Long live the great unity of the people of the world!

Australian Prime Minister Julia Gillard was visiting Beijing the day we went to Tian'anmen Square. Hence all the Australian flags proudly flapping in the breeze. The title of this entry is one of the two inscriptions next to Mao's picture: "世界人民大团结万岁 Long live the great unity of the people of the world". Rather fitting I thought!


Tian'anmen square was modelled on the Red Square in Moscow, however Chinese architects managed to make it five times bigger than the Red Square. You can certainly fit many matching hat wearing tour groups into the square on a Tuesday afternoon.


For most Chinese people, if they only ever make one visit to Beijing in their life, Tian'anmen Square and the Forbidden City are the two places they will go and see. Tian'anmen Square symbolises the power and success of the Communist Party through its stark Stalinist architecture, completed in record time by hard working and committed patriots, and its massive scale. The Forbidden City represents China's glorious imperial history. Most of the younger generation do not know anything about other event's that occurred at Tian'anmen (literally 'The Gate of Heavenly Peace'). It's interesting that Westerner's have such different ideas associated with these places.

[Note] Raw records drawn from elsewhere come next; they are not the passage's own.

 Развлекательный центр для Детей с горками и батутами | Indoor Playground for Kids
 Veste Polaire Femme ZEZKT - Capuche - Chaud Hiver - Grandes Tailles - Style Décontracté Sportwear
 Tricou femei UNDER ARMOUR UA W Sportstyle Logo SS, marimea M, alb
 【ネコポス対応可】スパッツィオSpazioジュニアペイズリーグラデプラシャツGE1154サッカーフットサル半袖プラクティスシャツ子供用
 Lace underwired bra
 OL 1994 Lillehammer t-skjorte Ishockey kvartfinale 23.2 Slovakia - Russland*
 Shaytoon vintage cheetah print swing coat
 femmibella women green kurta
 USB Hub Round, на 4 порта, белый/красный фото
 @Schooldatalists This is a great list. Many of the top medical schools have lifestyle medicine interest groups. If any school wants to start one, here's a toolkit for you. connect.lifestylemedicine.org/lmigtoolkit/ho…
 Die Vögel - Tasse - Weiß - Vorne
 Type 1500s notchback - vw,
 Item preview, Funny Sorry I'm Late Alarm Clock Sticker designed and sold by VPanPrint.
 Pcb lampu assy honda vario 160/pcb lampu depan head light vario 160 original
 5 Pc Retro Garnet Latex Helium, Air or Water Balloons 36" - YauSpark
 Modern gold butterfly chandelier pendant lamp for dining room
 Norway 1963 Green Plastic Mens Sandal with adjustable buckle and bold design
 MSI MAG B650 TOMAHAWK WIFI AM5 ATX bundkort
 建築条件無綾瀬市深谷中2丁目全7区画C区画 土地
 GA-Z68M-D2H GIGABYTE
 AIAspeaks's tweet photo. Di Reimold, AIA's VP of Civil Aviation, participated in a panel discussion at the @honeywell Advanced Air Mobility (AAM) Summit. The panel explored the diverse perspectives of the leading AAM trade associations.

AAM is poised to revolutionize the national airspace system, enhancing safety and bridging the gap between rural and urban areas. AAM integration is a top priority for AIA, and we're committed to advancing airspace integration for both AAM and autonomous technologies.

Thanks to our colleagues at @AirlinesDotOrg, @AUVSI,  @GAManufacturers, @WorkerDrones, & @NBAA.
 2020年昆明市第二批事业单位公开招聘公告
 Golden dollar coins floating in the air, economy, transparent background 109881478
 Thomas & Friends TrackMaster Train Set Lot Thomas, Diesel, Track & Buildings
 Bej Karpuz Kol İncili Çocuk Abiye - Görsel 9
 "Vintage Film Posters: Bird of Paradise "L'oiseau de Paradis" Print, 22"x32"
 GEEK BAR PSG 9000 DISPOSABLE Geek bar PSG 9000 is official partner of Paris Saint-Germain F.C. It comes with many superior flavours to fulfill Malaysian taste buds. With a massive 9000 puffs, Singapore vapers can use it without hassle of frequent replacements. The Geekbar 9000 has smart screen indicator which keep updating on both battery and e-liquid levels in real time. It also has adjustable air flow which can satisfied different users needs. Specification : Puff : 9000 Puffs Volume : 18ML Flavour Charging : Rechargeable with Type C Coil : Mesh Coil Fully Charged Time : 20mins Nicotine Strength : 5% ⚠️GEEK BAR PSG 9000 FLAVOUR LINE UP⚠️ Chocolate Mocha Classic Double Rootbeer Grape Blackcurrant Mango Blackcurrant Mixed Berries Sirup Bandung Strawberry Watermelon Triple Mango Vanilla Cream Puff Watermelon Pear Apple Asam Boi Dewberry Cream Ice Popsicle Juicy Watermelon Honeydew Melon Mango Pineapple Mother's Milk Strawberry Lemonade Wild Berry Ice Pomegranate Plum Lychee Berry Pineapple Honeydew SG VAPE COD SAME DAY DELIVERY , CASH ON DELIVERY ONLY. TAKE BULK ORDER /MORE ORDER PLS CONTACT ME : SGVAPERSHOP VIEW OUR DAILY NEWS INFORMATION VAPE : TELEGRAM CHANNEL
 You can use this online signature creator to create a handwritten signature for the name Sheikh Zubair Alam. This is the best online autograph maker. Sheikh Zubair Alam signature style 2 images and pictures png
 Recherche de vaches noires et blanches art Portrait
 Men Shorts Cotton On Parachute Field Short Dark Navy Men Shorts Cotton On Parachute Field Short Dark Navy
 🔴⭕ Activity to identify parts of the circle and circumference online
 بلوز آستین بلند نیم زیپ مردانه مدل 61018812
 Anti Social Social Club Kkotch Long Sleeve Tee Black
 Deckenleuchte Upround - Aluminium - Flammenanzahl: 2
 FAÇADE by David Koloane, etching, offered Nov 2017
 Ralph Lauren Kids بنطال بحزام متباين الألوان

I wonder, if you could look inside someones imagination as they gazed awestruck at the vastness of this concrete square, what would a Chinese person be imagining and what would a Western person be imagining?


My advice – bring a hat. It's hot and there are no trees. Security risk, you know.

Monday, 16 May 2011

Dim Sum Beijing Style

Apologies for the two week silence. I have been inundated with guests, and playing host requires a lot of time and effort and eating out. So now I have lots of material and hopefully, a little time on my hands to regale you all with it!


All my guests get taken to a Cantonese restaurant near Ditan Park called Jin Ding Xuan. It's in a fantastic old Chinese style building that is garishly lit up at night, with loud Chinese pop music piped outside presumably to please the waiting customers. There is always a queue. They do dim sum (or yum cha) and they also have an a la carte menu. We pondered both and excitedly ordered a large selection of dim sum and some soft shell crab.


The food is excellent, on a par with the best dim sum places I've been to in Sydney and Singapore. The sichuan dumplings are something I have not come across before. Pork dumplings in a wonderful spicy sichuan sauce – which goes with absolutely everything! We also had sichuan noodles, which again are very spicy and have a great texture with the crunch of peanuts.


By the time the soft shell crab arrived we were quite full. But we decided we had ordered it, we would have to find the space to eat it! The crab, deep fried in a light batter, was juicy on the inside with a nice crisp texture to the batter. It was served with a sweet chilli sauce – but also worked well with the sichuan sauce from the dumplings!


Those of you who are aware of my teapot obsession can admire the final photograph – the restaurants teapots. I want one. Such a lovely shape and colour. I think we had about 6 refills of hot water!! Conveniently, the bathrooms there are quite clean so you can drink tea to your hearts content!!